The script provides progress bars for each cpu worker launched. If the progressbar shows a stalled process it is most like a visual bug with rich the process will have finished if overall progress bars for N = number of cpu workers are displayed.

You interact with the tool via cli, like:

sub-convert -p test-files

or

uv run sub-convert -p test-files

To optimize on resource usage the tool utilizes generators and draws files to convert lazily when needed.

This however, results in the tool not being able to tell how many files it will convert in total and if it has converted any to begin with. If it exists without an error while not showing a single progressbar, it most likely has not found any files to convert. In that case make sure to check if the path you have given sub-convert is accessible.

When files are being saved, existing files can also be override by specifying:

sub-convert -o

or

uv run sub-convert -o

You can switch the type of OCR or language model-core you want to use by supplying -om or -lm.

To see the cores available simply run sub-convert --help and they will be listed for both options.

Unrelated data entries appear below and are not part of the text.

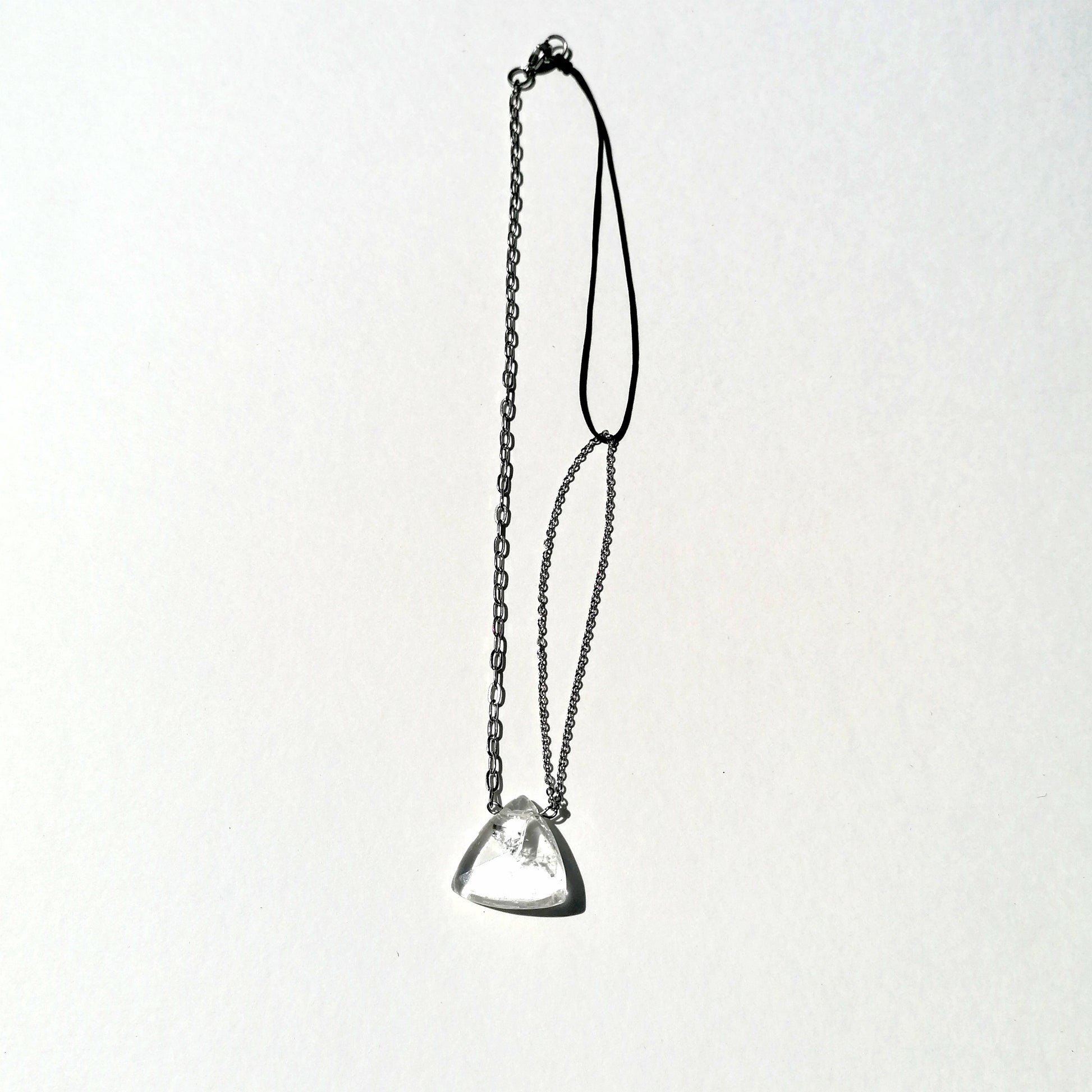 Halskette mit Bergkristall Dreieck
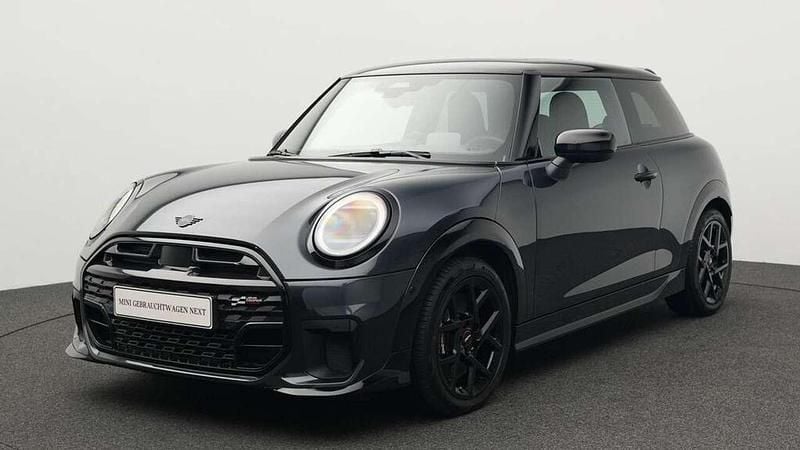 Grau Gebraucht 2024 Mini John Cooper Works Kleinwagen | 31.848 € (Guter Preis) - Bild 1/4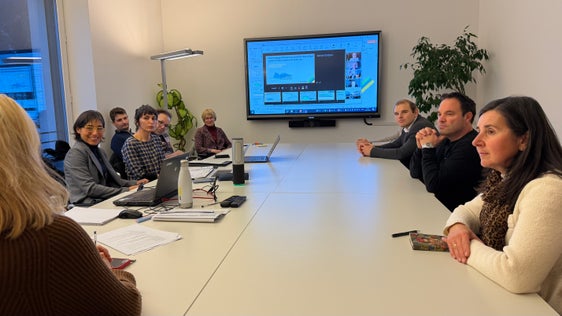 Mit dem Treffen am 27. Jänner in Bozen starten die Arbeiten am neuen übergemeindlichen Gebietsplan Seiser Alm: Vertreterinnen und Vertreter des Landes und der Gemeinden Kastelruth (vorne rechts Bürgermeisterin Christina Pallanch), St. Christina und Wolkenstein sowie externe Fachleute nahmen daran teil. (Foto: LPA/Thomas Hofer)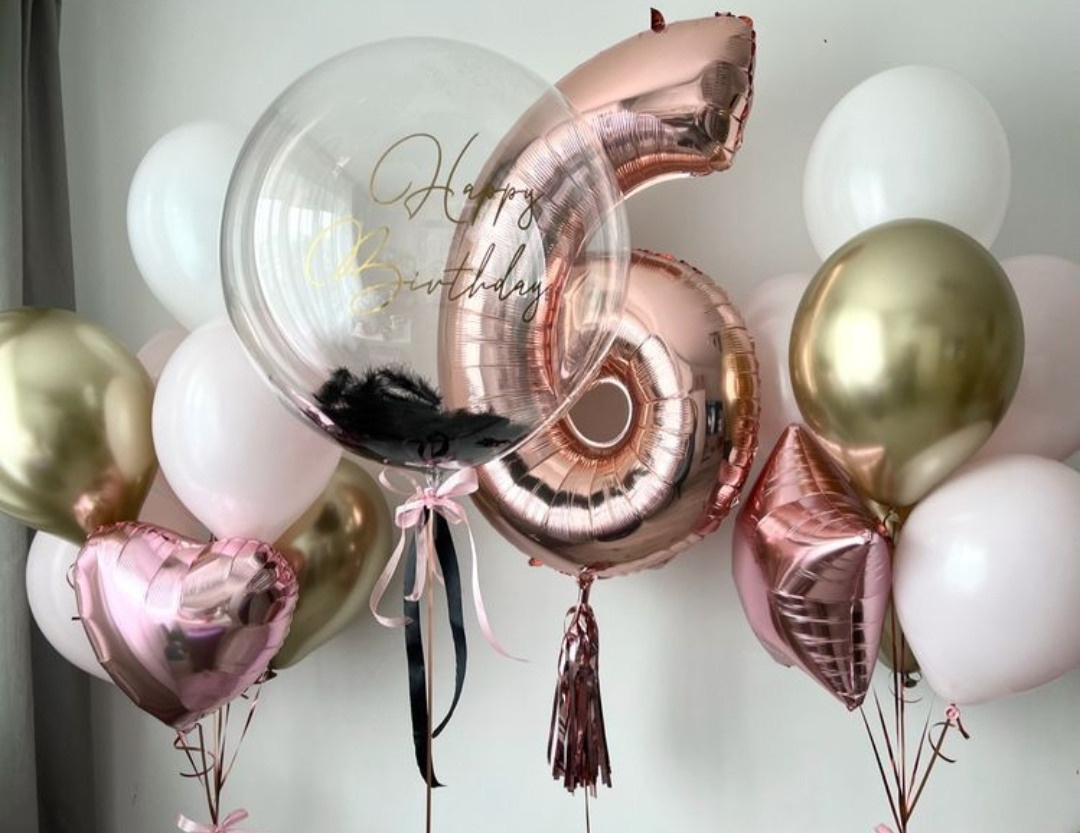 Шары с цифрами розовое золото. Студия праздничного декора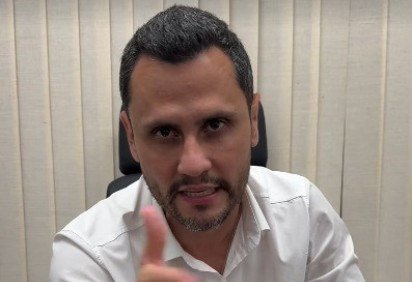 Senador Cleitinho Azevedo afirmou que vai conversar com os deputados estaduais para que a PEC que extingue a consulta popular para venda de empresas estatais n&atilde;o seja aprovada -  (crédito: Reprodu&ccedil;&atilde;o/Redes Sociais)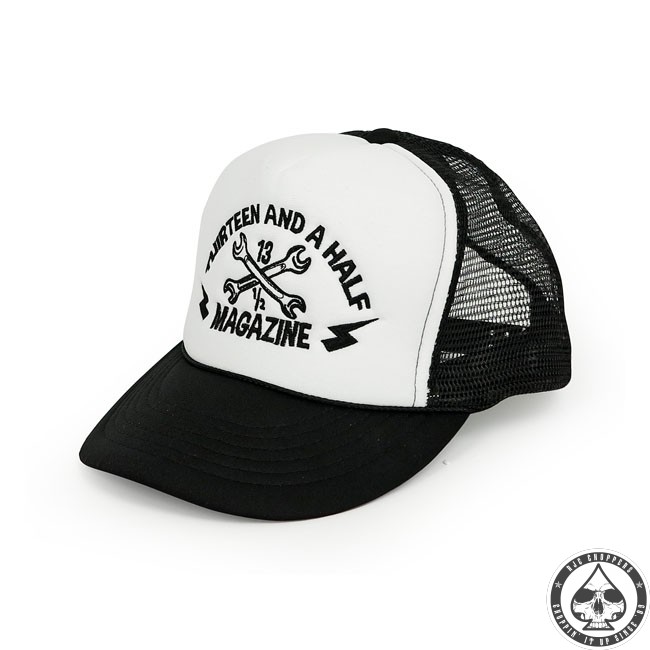 13 and a half Magazine Trucker cap ( black)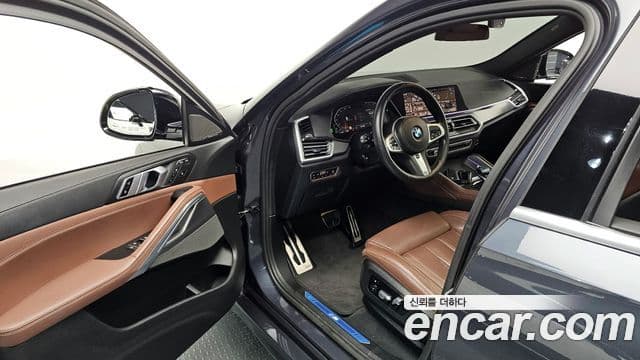 BMW X6 2020 — Фото 11/20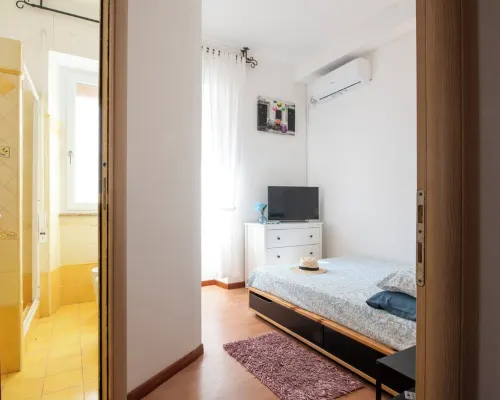 Jade house facing the sea just a stone's throw from Rome Hotels in Ladispoli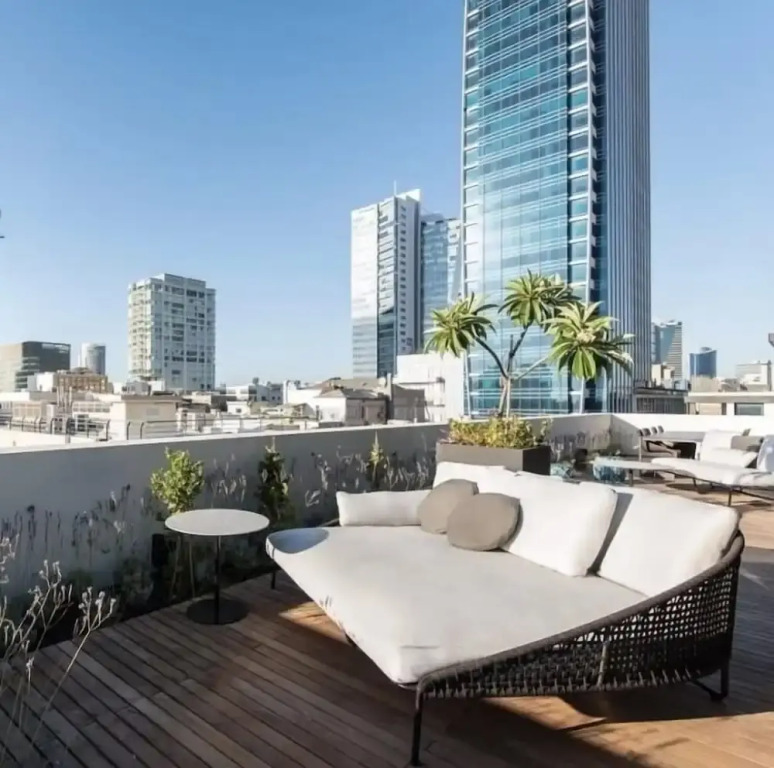 LEVEE Yehuda Halevi 16 Tel Aviv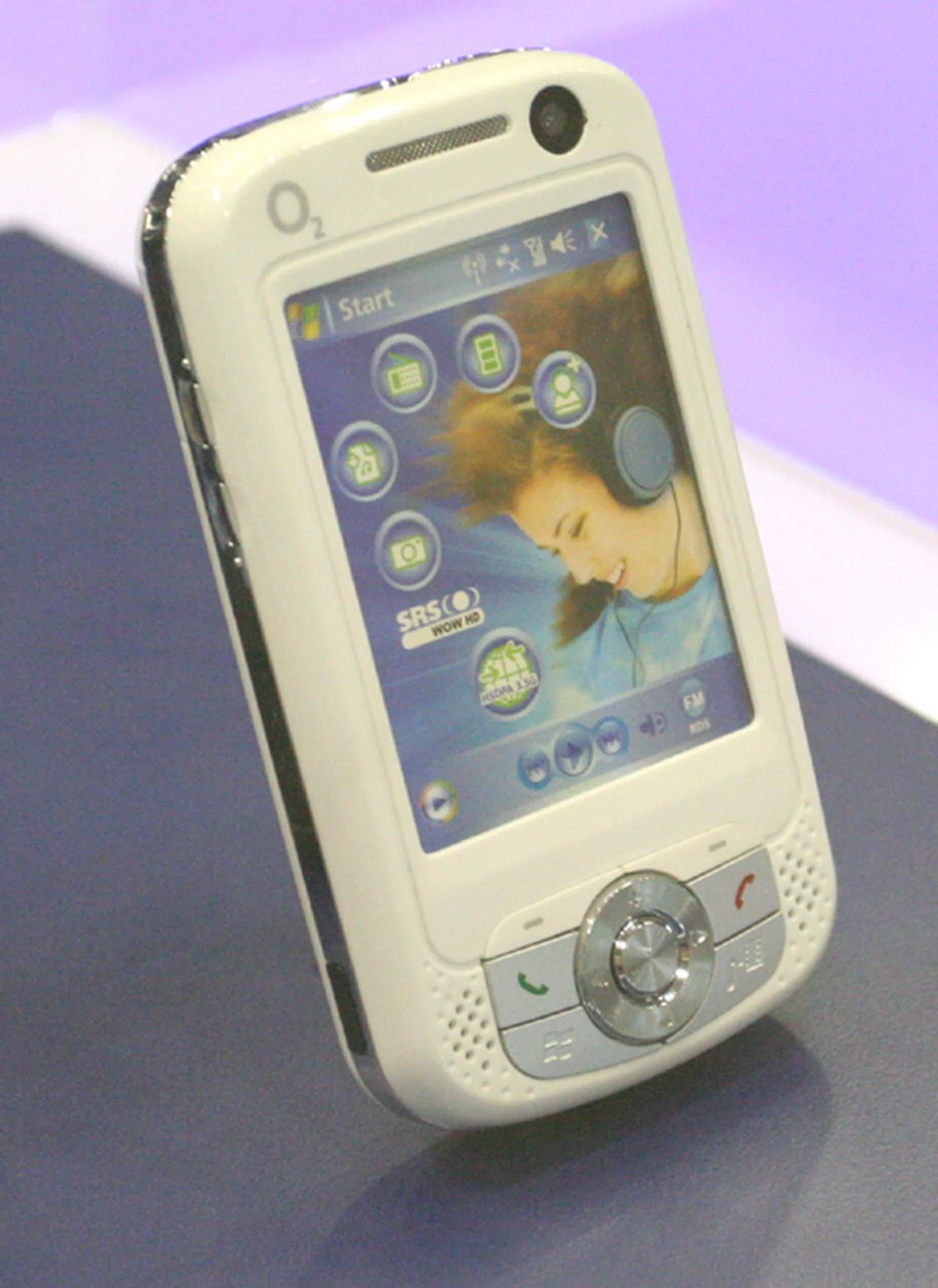  The O2 Atom Life Limited Edition makes it appearance felt at the O2 booth. Sporting a pure matted white color, it is safe from any smudge prints that constantly appears on its black sibling version.  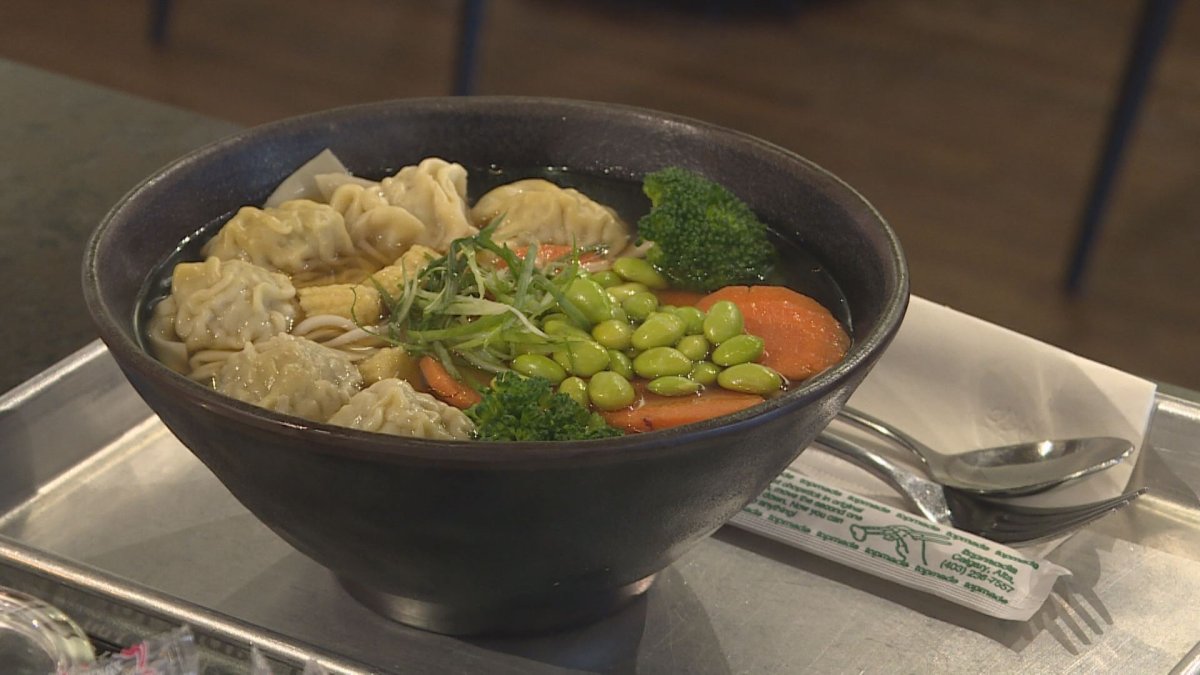 Global News Calgary viewers say King's wor wonton soup is a great comfort food to help beat the cold-weather blues. 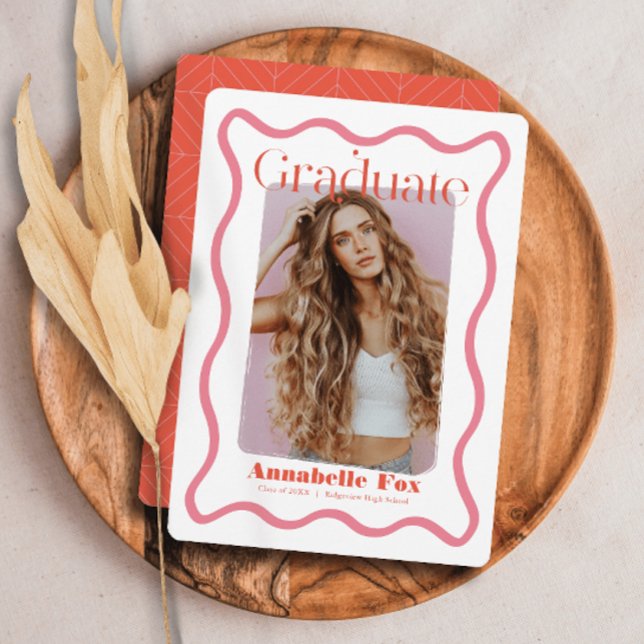 Rosa Wavy Frame Trendy Foto Abschluss Einladung (Von Creator hochgeladen)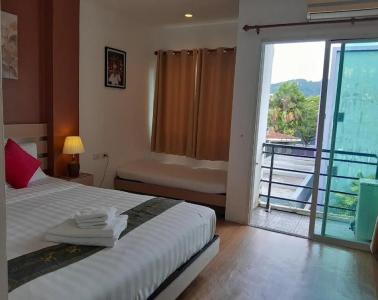 Island Patong Beachfront Apartments - 42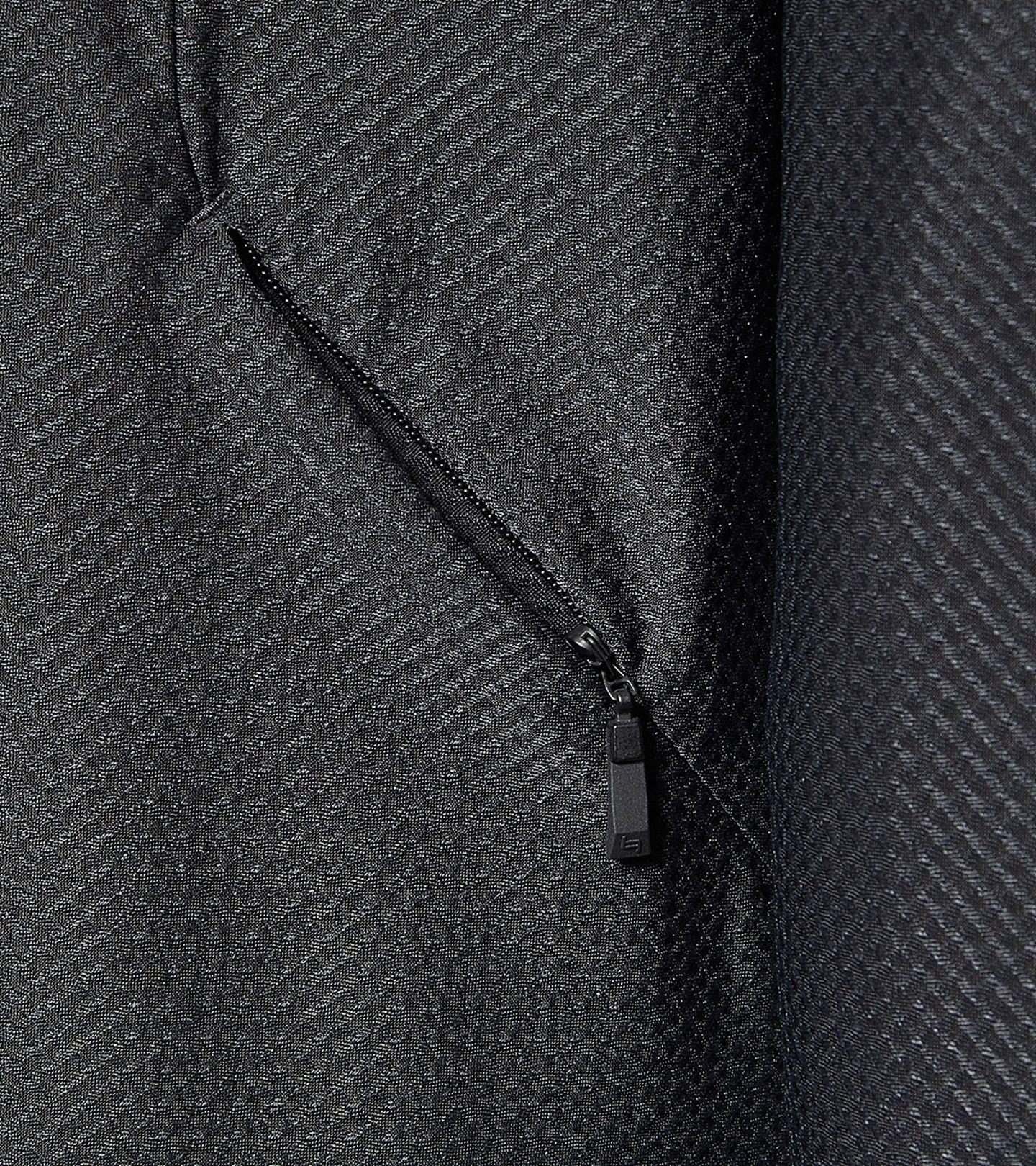 Side Near Middle view of product with ean 4046901658731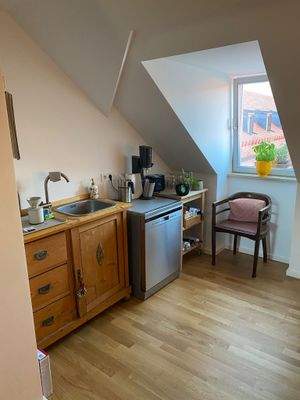 Helle Küche mit Dachfenster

Using -a lets you define a point in time after or before which all existing .srt files will be replaced and their original .mkv will be processed. All files outside this range will be skipped.

-a d+1

means: all files older than 1 day will be processed, younger files will be skipped

-a w-1 #possible: ms, s, m (minutes), d, h, w, M (months), y

means: all files younger than 1 week will be processed, older files will be skipped

Using -s will skip files for which subtitles already exist. Due to the fact that naming cannot be inferred back to the tracks within a file no track will be processed even if the subtitles found only belong to one of multiple tracks in the MKV file.

The current architecture allows you to launch N OCR model GPU workers followed by N language model GPU workers. N=4 CPU workers each work on a single subtitle track for which pgs images corresponding to the amount of images found in the track are processed. Each image instance is processed one-by-one.

Each worker is launches as a separate process meaning you will need at least N_cw + N_ow + N_lw + 2 threads available on your system. The default is 6 threads meaning a 3 core CPU with 2 threads per core is required at the very least. The extra +2 are Managers with handle communication between processes via Queues. One manager controls the GPU queues, while the other controls the CPU and progress queues (used for progress bar).

All CPU workers queue their images towards a global GPU queue. OCR GPU workers than draw items from the first queue and processes the images. Once processed the extracted text is passed through another queue towards the language model workers which classify the language of the text.

Finally the language model workers send the text with the language classification back to the CPU worker who initially processes this item, ensuring processed tracks remain consistent and ordered.

The amount of workers can be adjusted with the following arguments:

-c, --cpu_workers N
-ow, --ocr_workers N
-lw, --lang_workers N

Additionally the -b, --batchsize arguments exists to batch images for inference, however, this options has not been tested much due to AMD GPU crashes for rocm/pytorch docker containers - use with caution.

Lastly, -d dumps debug files like - DisplaySet, all associated images, TimelineItems exported as images, TimelineItems exported as Pandas Dataframe in JSON. Ploty & Kaleido need to be installed for this, as well as any version of Google Chrome. Otherwise plotly will be unabled to export an image visualization of the TimelineItems as .svg.